Najwięcej płaczu przynoszą spełnione życzenia

Termin DUCHOLOGIA pochodzi od francuskiego słowa hantologie. Pojęcie po raz pierwszy zastosował francuski filozof Jacques Derrida. Według niego teraźniejszość istnieje tylko w odniesieniu do przeszłości, a ludzkość po końcu historii powróci do estetyk, form i mediów obecnie postrzeganych jako przestarzałe.

Na świecie „duchologia" funkcjonuje od dawna, sprawdza się w badaniu retromanii, powrotu do starych mediów – aparatów fotograficznych, adapterów, estetyki komputerowej z epoki Atari czy Game Boyów. Jednak w Polsce „duchologia" na dobre związała się z nazwiskiem Olgi Drendy – autorki strony internetowej zbierającej ciekawostki z przełomu transformacyjnego. Zwieńczeniem kariery pojęcia była książka Drendy "Duchologia polska" opisująca przedmioty, wnętrza, widoki i fonosferę późnego PRL-u i wczesnego dzikiego kapitalizmu w Polsce.

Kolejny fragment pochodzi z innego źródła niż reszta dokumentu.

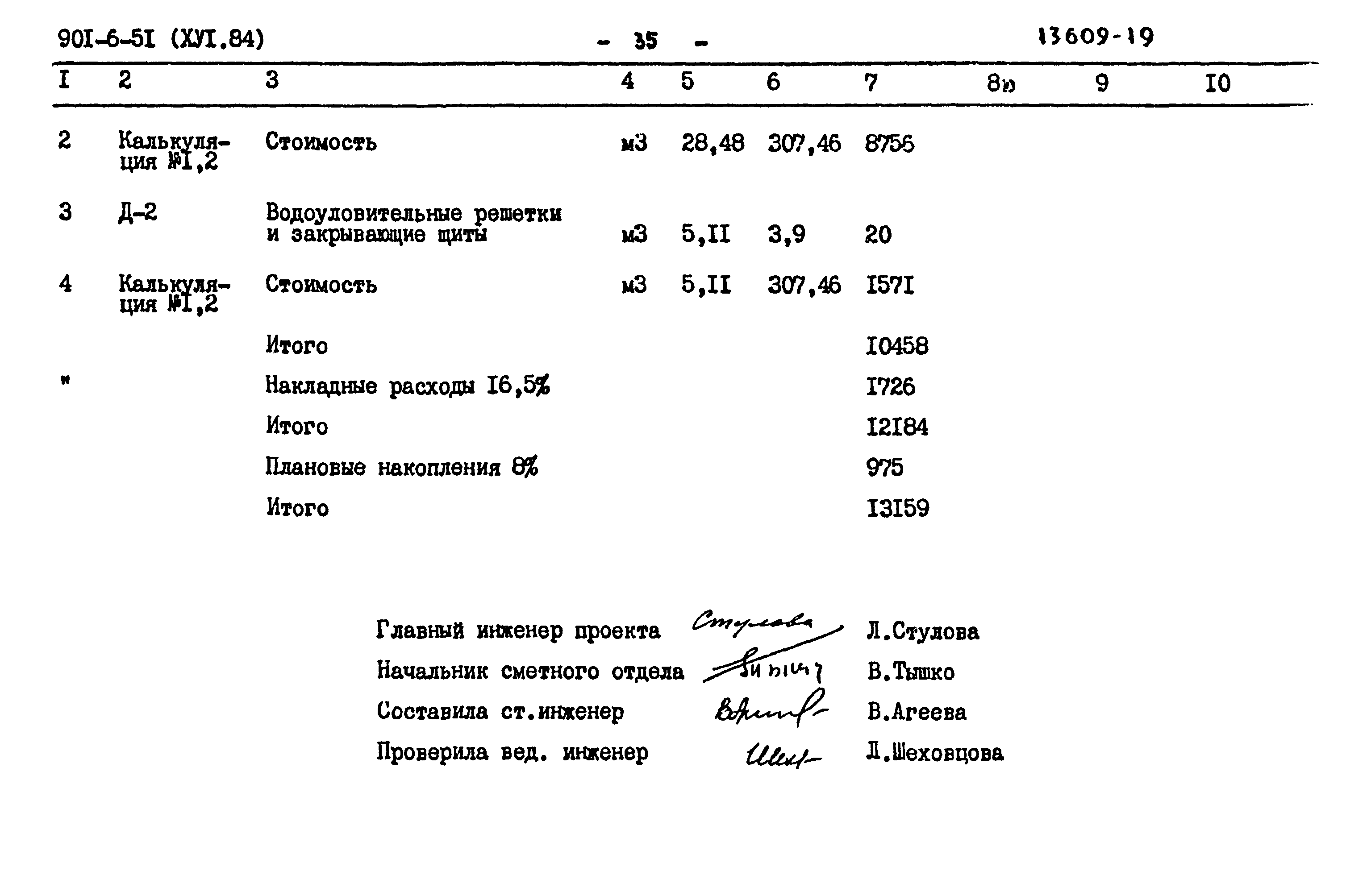 Типовой проект 901-6-51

Z tej książki pożyczyliśmy tytuł i czas.

W teatralnej "Duchologii polskiej" szukamy bohaterów transformacji. Pierwszych celebrytów, obiektów aspiracji i marzeń. Kaszpirowski, Alexis Colby czy Człowiek z czarną teczką nawiązujący do Stana Tymińskiego – to oni symbolizują kapitalistyczny postpeerelowski haj. W naszym przedstawieniu bohaterowie zerwani ze smyczy realnego socjalizmu, skoczą w świat magii i zjawisk paranormalnych. Uzdrowiciele, duchy, starzy bogowie zjawią się ramię w ramię z górnikami, biznesmenami, gwiazdami oper mydlanych. Będziemy bawić się telewizyjnymi i teatralnymi formami oraz narracjami, które mają powołać nowy, wspanialszy świat.

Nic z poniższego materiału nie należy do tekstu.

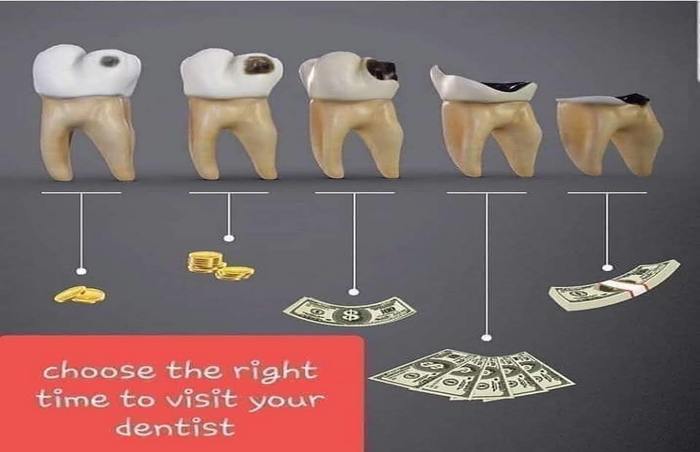 Assalam dental clinic عيادة السلام للأسنان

Nowy świat potrzebuje jednak pierwszego rytuału i mitu. Czy bohaterowie podołają temu wyzwaniu? Ambicje mają ogromne. Przecież wszystko nagle stało się możliwe. Można być, kim się chce, jechać, gdzie oczy poniosą. Można wreszcie mówić, co się żywnie podoba. Z dnia na dzień w telewizji przybywa kanałów, otwierają się gazety opowiadające niesłychane historie, czasem upragniony Zachód wlewa się w nową codzienność w fantastycznym kształcie. Polska staje się miejscem cudów, kolory nabierają intensywności, łączą się w jaskrawe patchworki – podobnie jak idee, teorie, hipotezy. Toniemy w informacjach, do których dotąd nie mieliśmy dostępu. Zaciera się granica między nauką a fantastyką. Wszystko jest jednocześnie. To świat naszych bohaterów.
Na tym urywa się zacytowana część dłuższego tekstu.